A ghost or a spirit?

March 10, 1999
Issue 

Picture

A ghost or a spirit?

Bulworth
Directed by and starring Warren Beatty
Also starring Halle Berry
Showing in most major cinemas

Review by Jonathan Singer

Fact: Bulworth is a good — a very good — movie.

Fact: It is one you should definitely see.

That's two facts more, according to the political satire Bulworth, than you will get from establishment politicians and the mainstream media presentation of them. It gives us cause not only to laugh at but to think about politics.

Bulworth portrays a Californian Democrat senator, Jay Bulworth (Warren Beatty), who, in the final days of his primary (pre-selection) campaign, is having a nervous breakdown. He hires a hit man to kill him, after making a deal with insurance industry lobbyist Crockett (Paul Sorvino) to bury a bill to regulate the industry in return for life insurance to benefit his daughter.

Impending death brings a sudden (too sudden — this was the only part of the movie that seemed incongruous) transformation. Bulworth tells the truth — in bucket-loads — and is on the move between the homes, hotels and television studios of the big end of town and the life of the black neighbourhoods of south central Los Angeles.

He adopts the rap — not always very well, but at its best when it is politically sharp — and even the hip-hop outfit of the 'hoods. (The score blends rap from a range of artists and classical music.)

Bulworth's minders, headed by Murphy (Oliver Platt), can't figure out what is going on. Moments of bizarre confusion, lucid thought, suspense and lust follow each other at a fast pace.

Wandering through Bulworth, like a Shakespearian narrator, is a homeless man (writer and activist Amiri Baraka), who tells Bulworth not to be a ghost, but to be a spirit, to be alive. This appears to be the underlying aim of the film for Warren Beatty, who co-wrote (with Jeremy Pikser), directed and co-produced it, as well as performing in the title role. (Beatty also did this with Reds, about the US communists and radical journalists John Reed and Louise Bryant.)

Bulworth expresses Beatty's radicalism, which he presents as carried forward from the 1960s. Capitalism — the rule of money, the corporations and the state — are sharply criticised as the obscenity and crime in our lives. Beatty raises socialism as a bogy for capitalism, and he certainly does not mean contemporary social democracy, since he directly connects it to "socialisation" of the insurance industry.

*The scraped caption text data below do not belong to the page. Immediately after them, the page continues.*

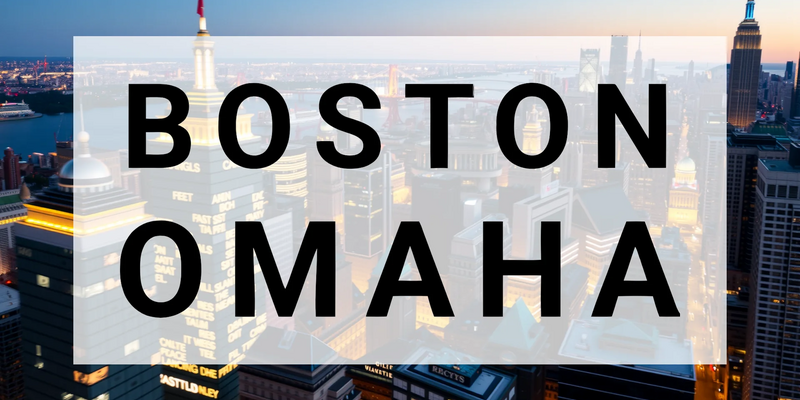 Bougainville Copper Aktie: Ergebnisse überzeugen! - Foto: über boerse-global.de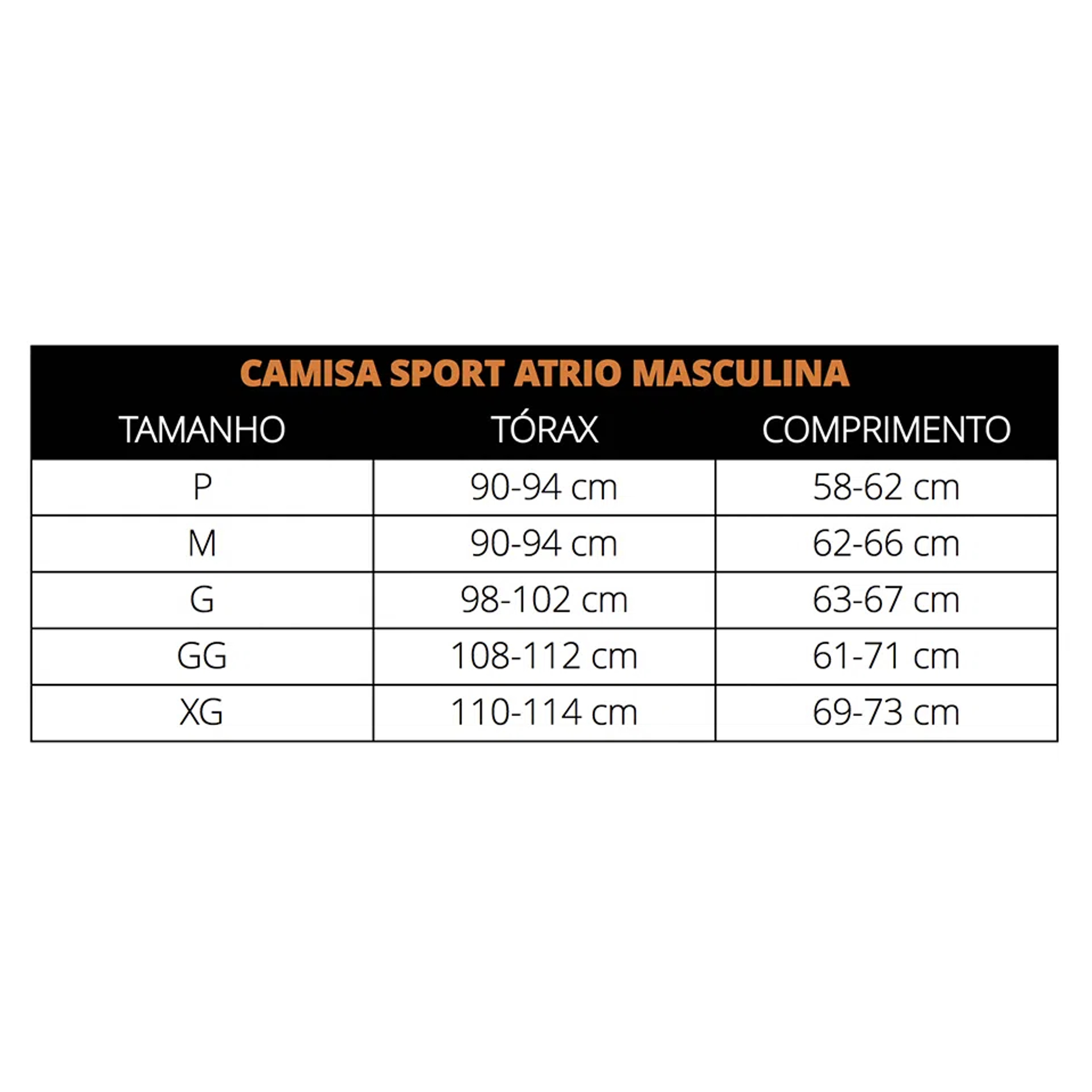 Camisa de Ciclismo Sport Masculina Chumbo P Dryfit Superlight Proteção UV30 Atrio - VB006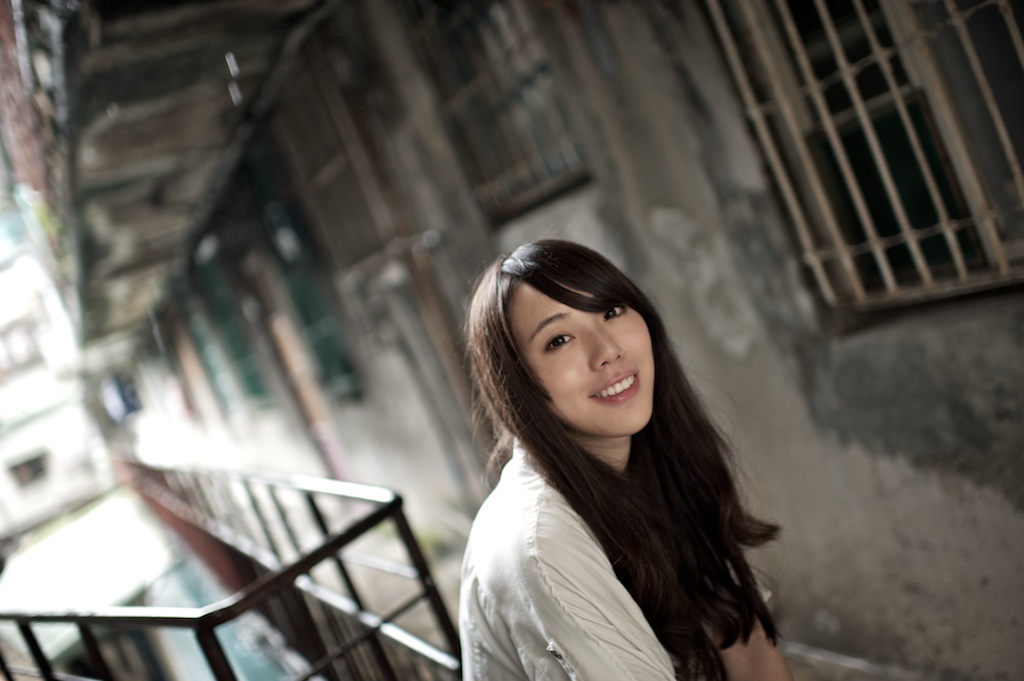 http://i.dcview.tw/gallery/201110/29078c5bfbe2c0f321792aefedb6152d.jpg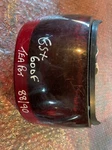 Suzuki GSX600 F Teapot 88-90 Rear Light Stanley 040 2100. Fixed Price $35.19.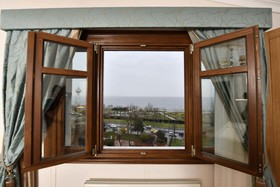 GLK PREMIER Sea Mansion Suites & Spa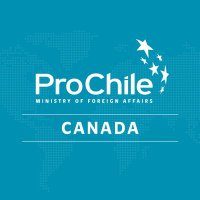 ProChile Canada(@prochile_ca) 's Twitter Profile Photo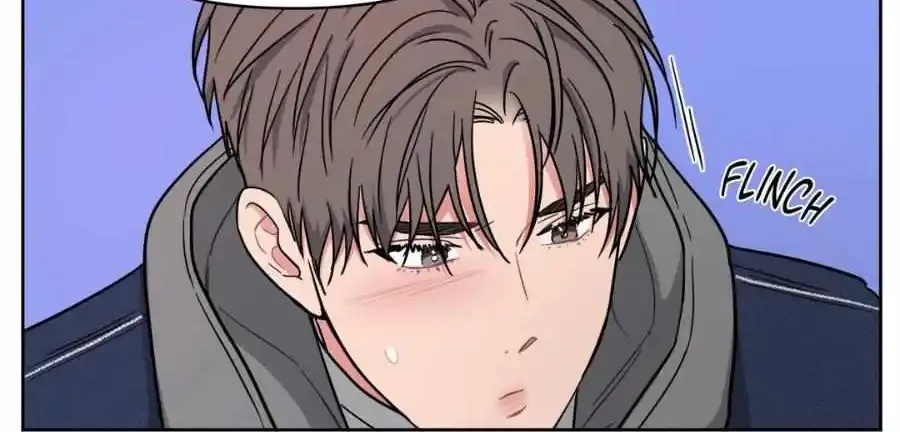 Arts Manz Mangakakalot X Chapter 6 Page 23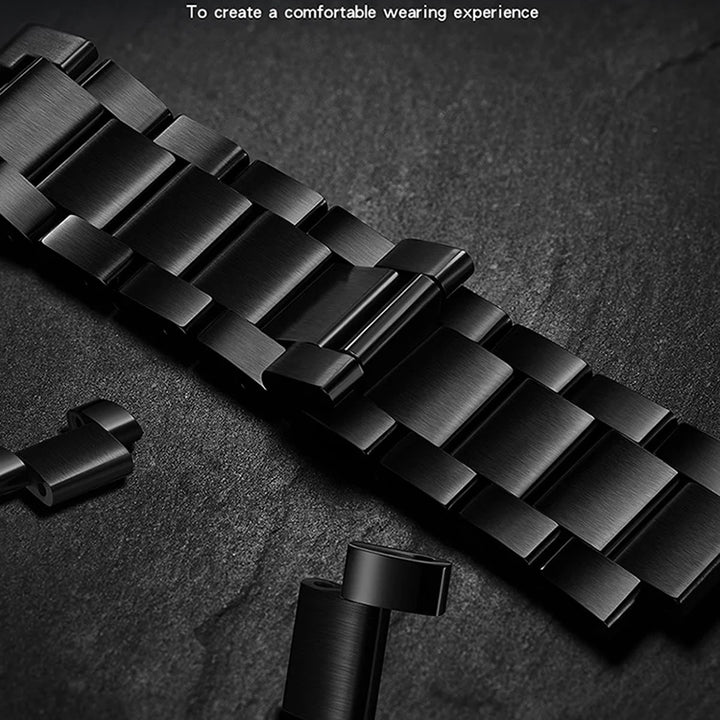 ApexDrive™ 360° Spinning Sport Watch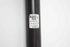 Picture of Cardan de coluna direcção Opel Zafira C de 2011 a 2016 | 13351822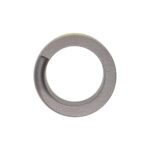 Manley Valve Spring SUBARU WRX - Image 5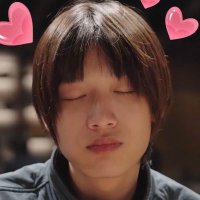 เน้กโกะจุ้ง (@chamchansatue) 's Twitter Profile
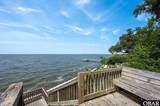 111 Clipper Court - Photo 42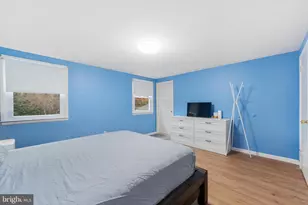 416 Emerson Rd, Huntingdon Valley, PA 19006 - Photo 22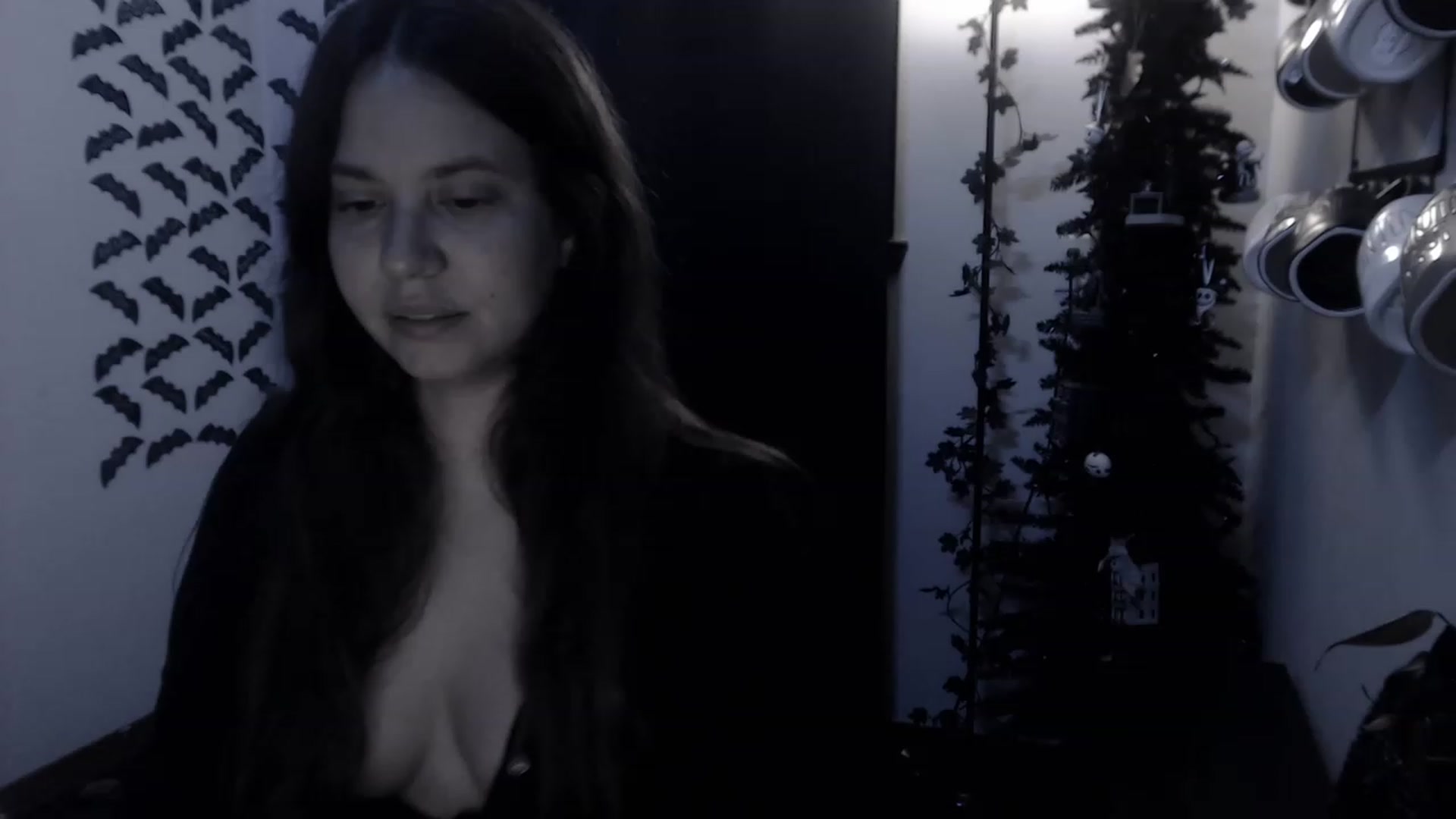 Gallery image thumbnail from LadyMarceline's myfreecams stream on, 04/15/2023, 05:50 image 11 of 20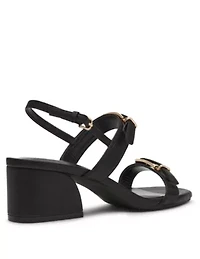 Merida Sandal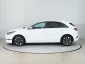 Kia Ceed, 2025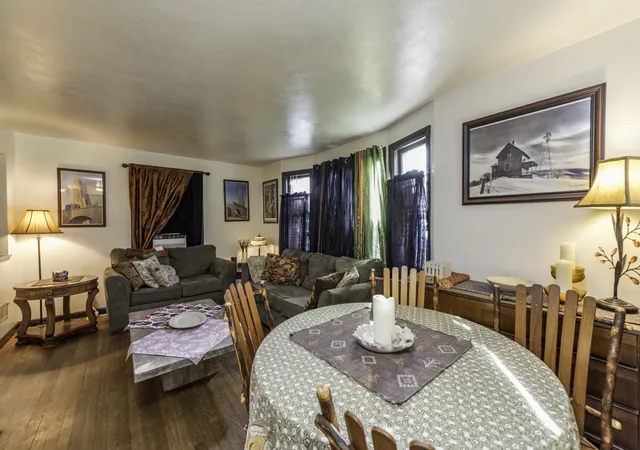 Photo 4 of Single family home for sale at (Undisclosed), Waukegan, IL 60085 | MLS# 12784052 | Listing updated on 2026-10-27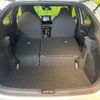 toyota yaris 2023 quick_quick_MXPA10_MXPA10-2066836 image 10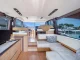MY D-TOX | Azimut 50 — thumbnail 7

Anti-racism is a vital theme of Bulworth. Since this is a comedy, a fighting program can't be readily presented. But the poverty and police harassment of the black population are portrayed, and their effects on the development of black political leadership are clearly outlined in Nina (Halle Berry), who develops an ambiguous, but increasingly romantic, relationship with Bulworth.

The struggle against racism is a central part of the movement for fundamental social change in the US. However, Bulworth's anti-racism can't cover totally some of its political blind-spots.

The women — Nina and her rapper friends Cheryl (Michele Morgan) and Tanya (Ariyan Johnson) — are the politically active thinkers outside of the political specialists. But women's oppression is not part of Bulworth's critique, nor is workers' exploitation. And the idea that the mass of people might organise to act on their own behalf only appears towards the end of the movie.